* [Your assignment]: The output should match, line for line, the records from the line containing "Across A Cornswept Land book cover" through the line containing "호텔 Lullaby Residence By Smarnbook", with every picture left out.

* [Extracted data]:
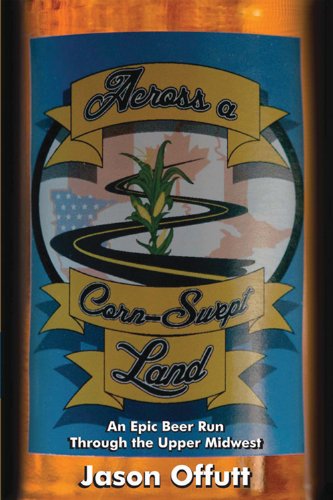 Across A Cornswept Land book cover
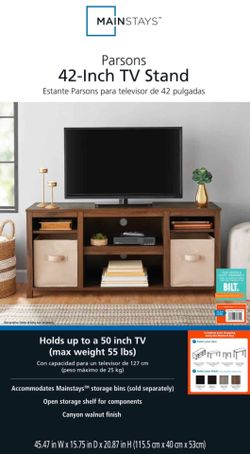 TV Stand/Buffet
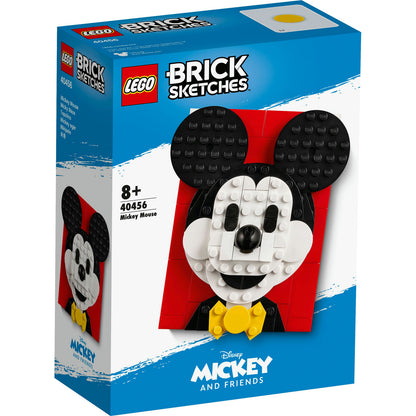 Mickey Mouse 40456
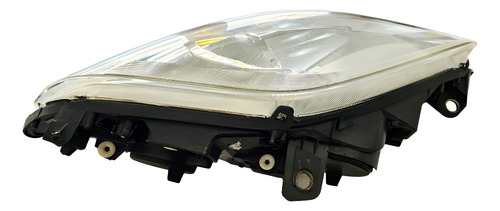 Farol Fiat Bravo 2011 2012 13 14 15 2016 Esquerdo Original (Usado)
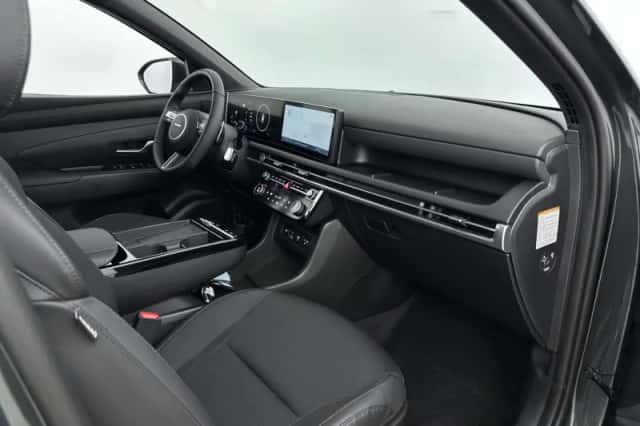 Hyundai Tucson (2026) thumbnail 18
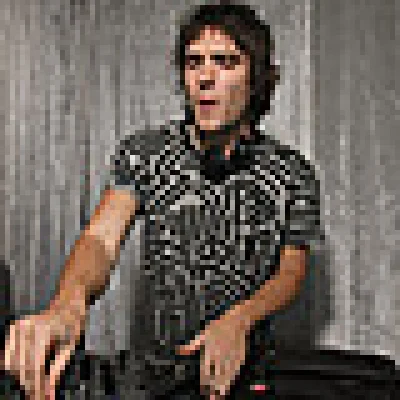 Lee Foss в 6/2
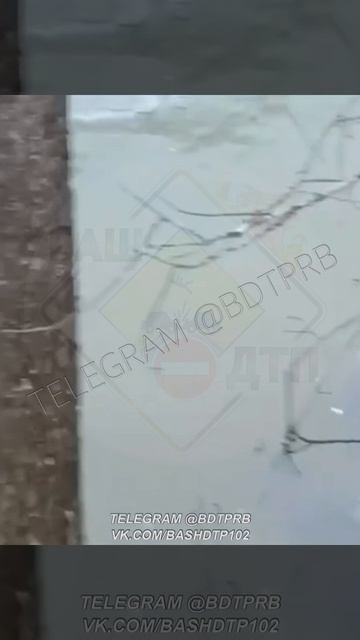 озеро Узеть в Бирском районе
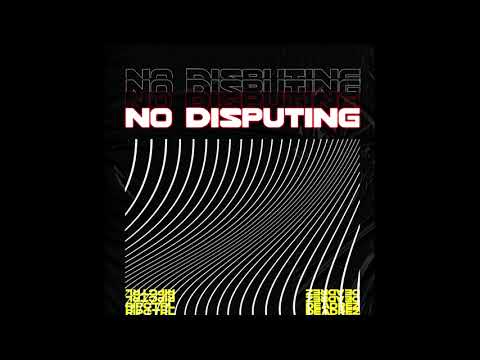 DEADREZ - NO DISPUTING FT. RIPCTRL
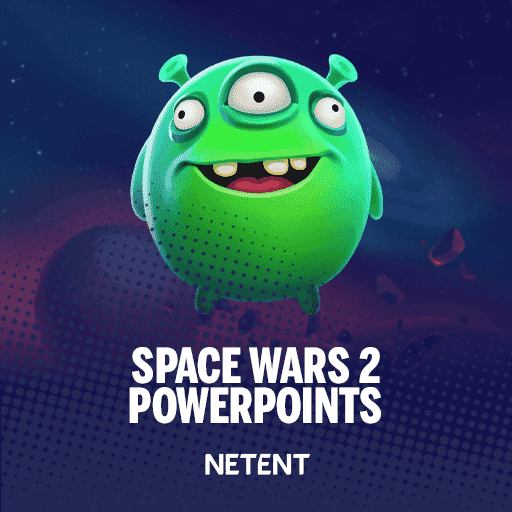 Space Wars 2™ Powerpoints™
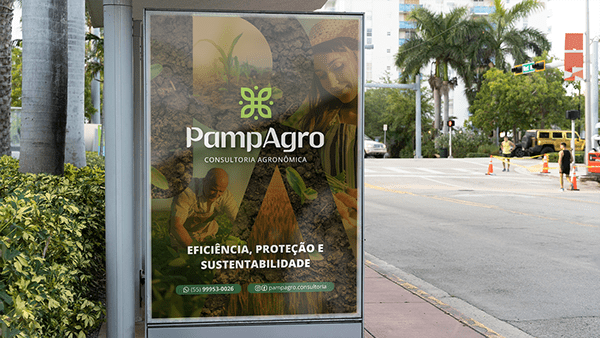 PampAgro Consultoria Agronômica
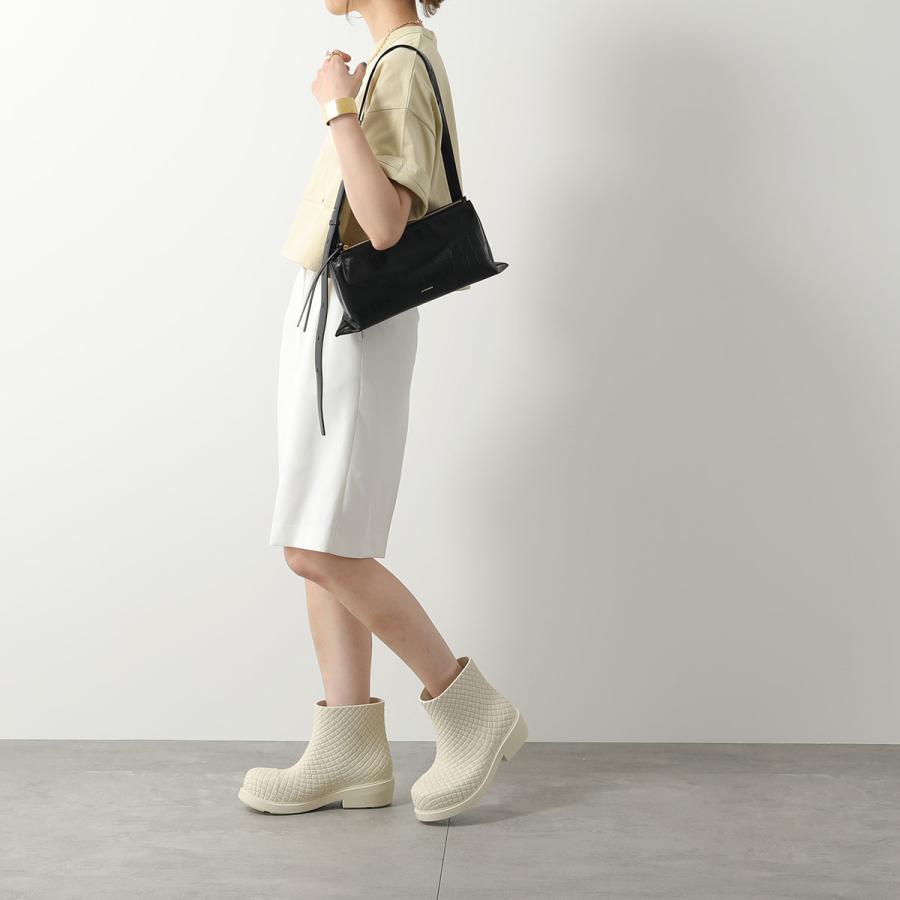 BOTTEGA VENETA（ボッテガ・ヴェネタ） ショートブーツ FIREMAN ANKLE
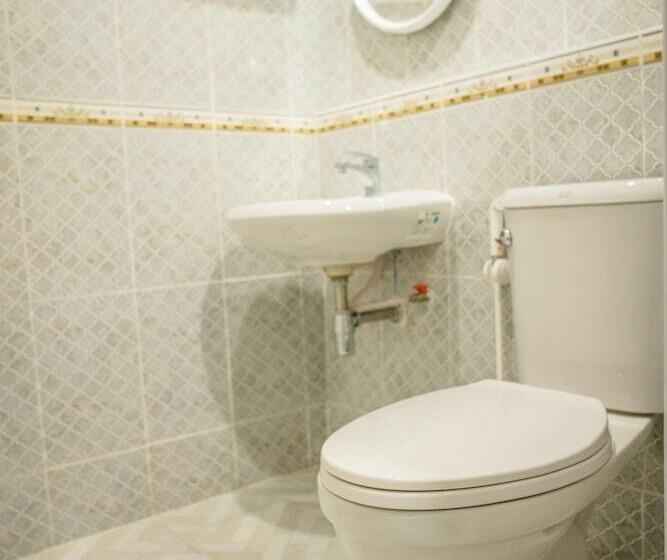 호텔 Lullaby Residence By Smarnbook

...

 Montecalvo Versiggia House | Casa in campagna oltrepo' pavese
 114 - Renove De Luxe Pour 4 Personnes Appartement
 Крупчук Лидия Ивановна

--

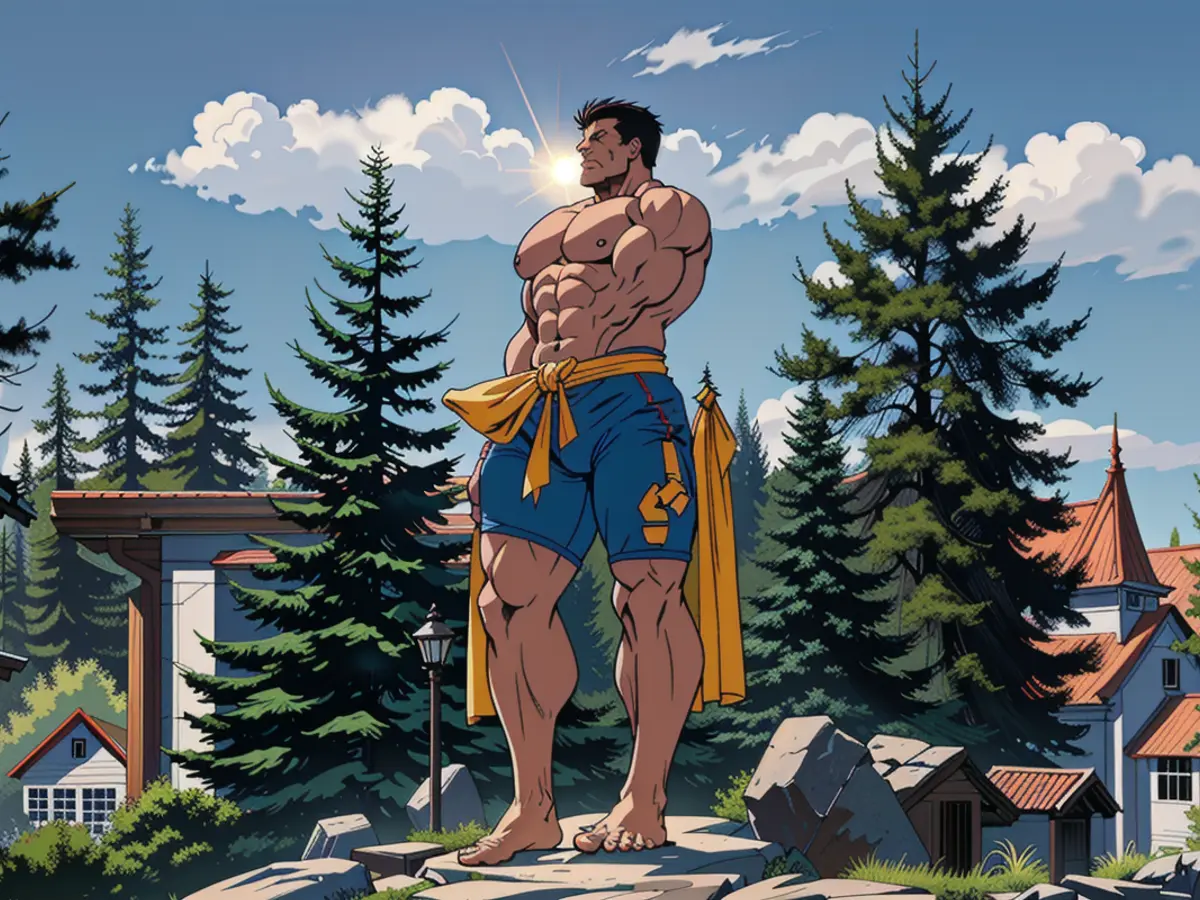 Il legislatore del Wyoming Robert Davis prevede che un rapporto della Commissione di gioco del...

* [Your response]:
 Across A Cornswept Land book cover
 TV Stand/Buffet
 Mickey Mouse 40456
 Farol Fiat Bravo 2011 2012 13 14 15 2016 Esquerdo Original (Usado)
 Hyundai Tucson (2026) thumbnail 18
 Lee Foss в 6/2
 озеро Узеть в Бирском районе
 DEADREZ - NO DISPUTING FT. RIPCTRL
 Space Wars 2™ Powerpoints™
 PampAgro Consultoria Agronômica
 BOTTEGA VENETA（ボッテガ・ヴェネタ） ショートブーツ FIREMAN ANKLE
 호텔 Lullaby Residence By Smarnbook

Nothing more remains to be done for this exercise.